Recently I have been involved in an effort to convert MySQL databases from a utf8 character set to utf8mb4. As a part of this effort, my team evaluated which collations would be best for facilitating a broad range of multi-lingual support.
There have been many recent posts in the MySQL community about better unicode collation support in MySQL 8 such as from the MySQL Server Team’s blog at Oracle, who have also done a good job of showing us how newer collations based on UTF8 9.0.0 will properly group and sort characters according to their case and inheritance.
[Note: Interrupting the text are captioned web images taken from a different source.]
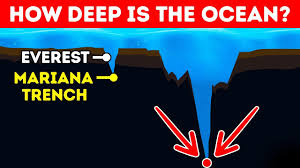 how deep is the ocean in reality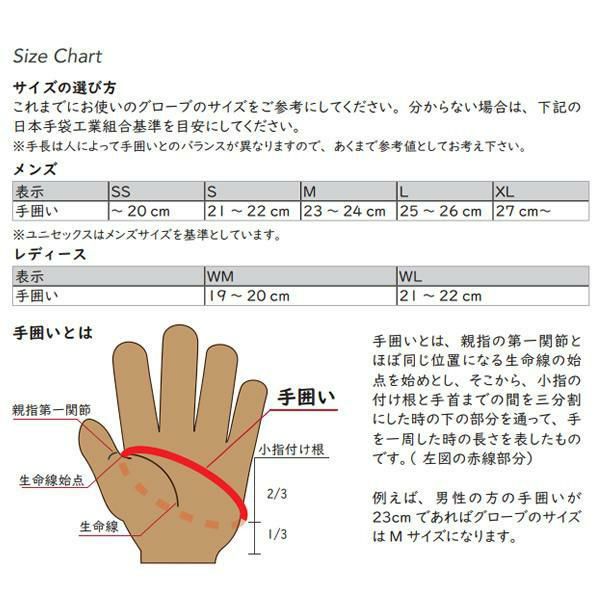 松岡手袋 ESK-2131 Sports Ride(23-24 2024)マツオカ グローブ スキー スノーボード グローブ 手袋【C1】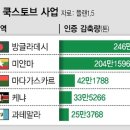 나라토브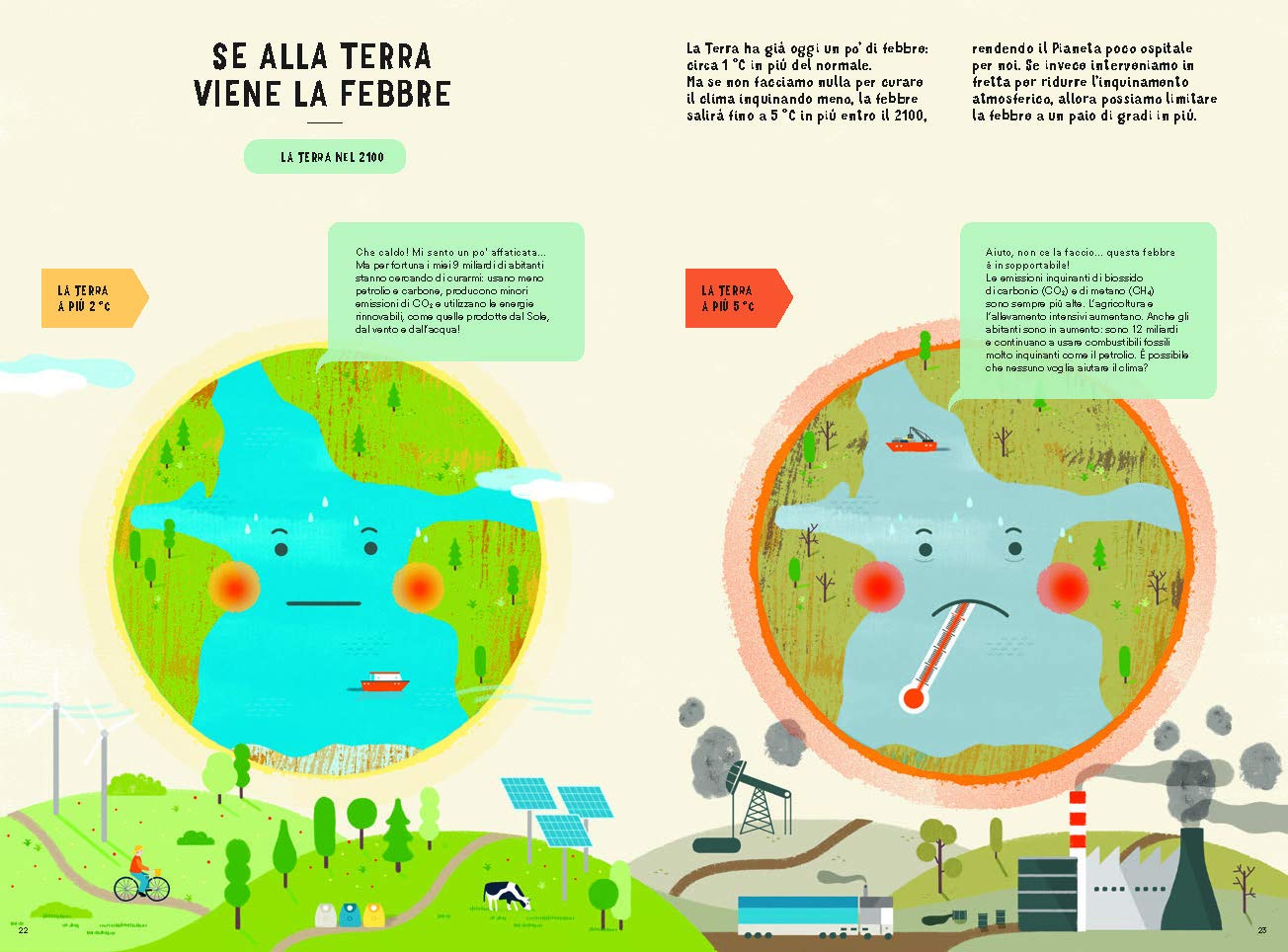 Uffa che caldo! Come sarà il clima del futuro? E come possiamo limitare i danni?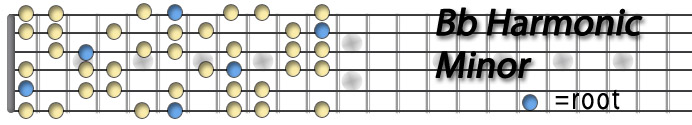 Bb Harmonic Minor Full.jpg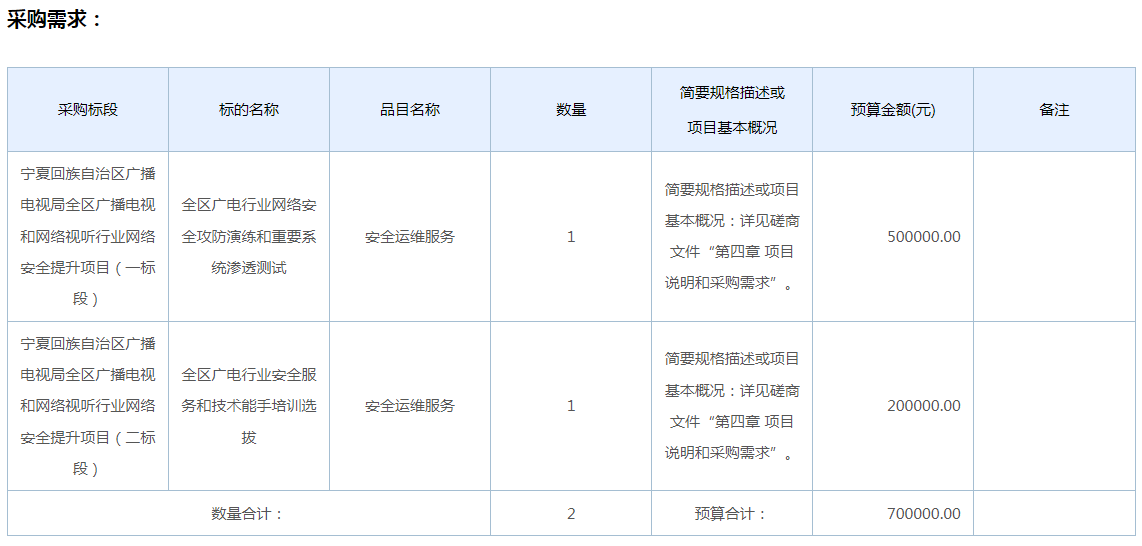 寧夏回族自治區(qū)廣播電視局全區(qū)廣播電視和網(wǎng)絡(luò)視聽行業(yè)網(wǎng)絡(luò)安全提升項目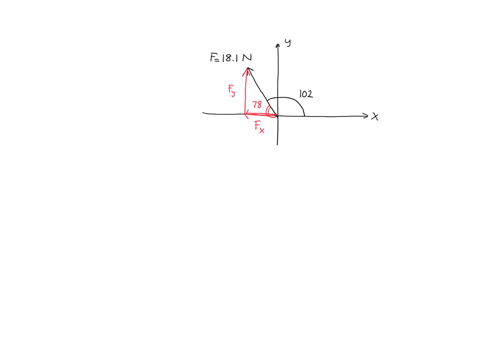 suppose-the-arrow-in-the-image-below-represents-some-force-vector-overrightarrowboldsymbolf-if-the-magnitude-is-181-newtons-and-the-angle-the-vector-makes-with-the-x-axis-is-102-degrees-what-is-the-ho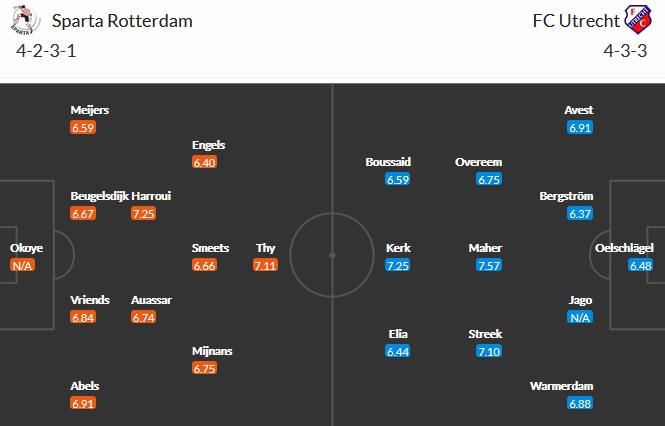 Nhận định Sparta Rotterdam vs FC Utrecht, 19h30 ngày 13/5 - Ảnh 2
As the title of the latter post suggests, the “devil is” indeed “in the details”.
There is also the matter of the “sushi-beer” problem, which shows that utf8mb4_unicode_520_ci will treat beer and sushi emoji as equal.
Rather than focusing on the particular deficiencies and enhancements in collations, this post focuses on practical solutions to converting existing data sets. Every DBA, at some point, faces the daunting task of character set conversion or differing collation usage. However, before we go on, a note.
Green field projects
When you are considering a new MySQL database to support a new project, common wisdom derived from articles linked above and from the many articles one may find on Stack Overflow and other resources suggests that if you have multi-lingual and emoji storage requirements: Just use utf8mb4 character set and utf8mb4_unicode_520_ci collation in MySQL. That is, until MySQL 8.0 goes GA. If you really know what you are doing, or if you already know a lot about this subject, your choices may vary. The salient point here is that using an appropriate unicode collation (rather than defaults) will save the DBA from several future headaches, particularly regarding unique keys.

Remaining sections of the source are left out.